Młodzi udzielają solidnej lekcji siatkówki
Siatkarze Effectora rozprawili się z gośćmi bez straty seta. Gra w każdym elemencie wreszcie układała się bez zarzutów. Natomiast podstawowy rozgrywający Kielc zachwycił wszystkich zgromadzonych w Hali Legionów. Na podobne pochwały zasługują środkowi Effectora. Jednak początek spotkania nie zapowiadał triumfu gospodarzy.

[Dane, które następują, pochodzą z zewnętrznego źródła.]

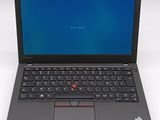 the laptop is open on a white surface with a blue screen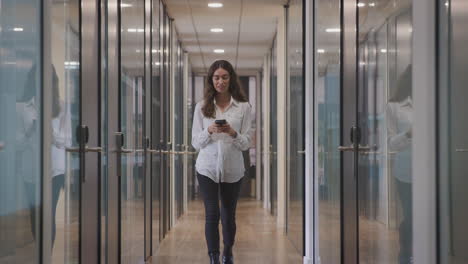 Young-Businesswoman-Walking-Along-Corridor-Of-Modern-Office-Using-Mobile-Phone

– Inauguracja każdej partii była bardzo niespokojna w naszym wykonaniu. Możliwe, że wkradła się jakaś presja, lub nerwowość. Nie znam przyczyny, dlaczego gdańszczanie tak łatwo wypracowywali przewagę. Ostatecznie wygraliśmy i 3 punkty są na naszym koncie, a to najważniejsze – komentuje Sławomir Jungiewicz.
Z każdym setem gra kielczan stawała się coraz to efektywniejsza. – Pojawiła się u nas bardzo dobra współpraca obrony z blokiem. Gdy rozgrywający ma porządne przyjęcie, posiada większy komfort rozegrania. Między innymi dlatego Piotr Lipiński świetnie się zaprezentował – dodaje atakujący Effectora.
Kielecki rozgrywający otrzymał tytuł MVP, co udowadnia jak ważną rolę odegrał w tym spotkaniu. – Znakomita gra Piotra. Świetnie rozdzielał piłki na skrzydła. Ponadto ukłony dla naszych środkowych, którzy wykorzystali liczne okazje od Lipińskiego – ocenia Jungiewicz.
Rewelacyjną postawę drużyny Daszkiewicza docenił sam rywal. – Zespół z Kielc dał nam dzisiaj solidną nauczkę i lekcję siatkówki. Musimy jak najszybciej się po tym pozbierać. Wielki szacunek dla przeciwnika. Grali bardzo dobrze. Nie potrafiliśmy nadążyć za nimi. Stąd wynik 3:0 dla gospodarzy. Punkty zostają w Kielcach. Teraz musimy na spokojnie wyciągnąć wnioski przed kolejnymi starciami. Powinniśmy zapomnieć o spotkaniu z Effectorem – komentuje Bartosz Gawryszewski.
Siatkarze Trefla na zagrywce podejmowali sporo ryzyka, co tym razem nie popłaciło. – Zdajemy sobie sprawę, że mamy duży potencjał w polu serwisowym, ale niestety to dzisiaj nie zaskoczyło – uważa środkowy z Gdańska.
Co więcej, siatkarz Lotosu dopatruje się także innych niedociągnięć. – Nie potrafiliśmy utrzymać równego poziomu gry. Zaczynaliśmy bardzo dobrze, wyrabiając znaczną przewagę na początku partii, a potem nie potrafiliśmy utrzymać tego poziomu. Osobiście nie upatrywałem w poprzednich przegranych Effectora szansy na łatwy mecz. Moje podejście polegało na skupieniu na pojedynku, który koniecznie trzeba wygrać. Niestety to się nie udało. Z pewnością kielczanie byli w tej grze dużo lepszą drużyną niż my.